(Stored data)
• • •
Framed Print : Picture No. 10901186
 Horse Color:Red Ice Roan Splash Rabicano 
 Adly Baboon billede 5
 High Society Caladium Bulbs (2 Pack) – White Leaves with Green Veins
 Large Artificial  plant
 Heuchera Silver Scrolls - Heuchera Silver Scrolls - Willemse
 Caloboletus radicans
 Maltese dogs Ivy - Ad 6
• • •
--- About this task ---
In the entries above, copy the lines from the one that contains "Heuchera Silver Scrolls - Heuchera" through the last line, exactly as they appear.

--- Answer section ---
 Heuchera Silver Scrolls - Heuchera Silver Scrolls - Willemse
 Caloboletus radicans
 Maltese dogs Ivy - Ad 6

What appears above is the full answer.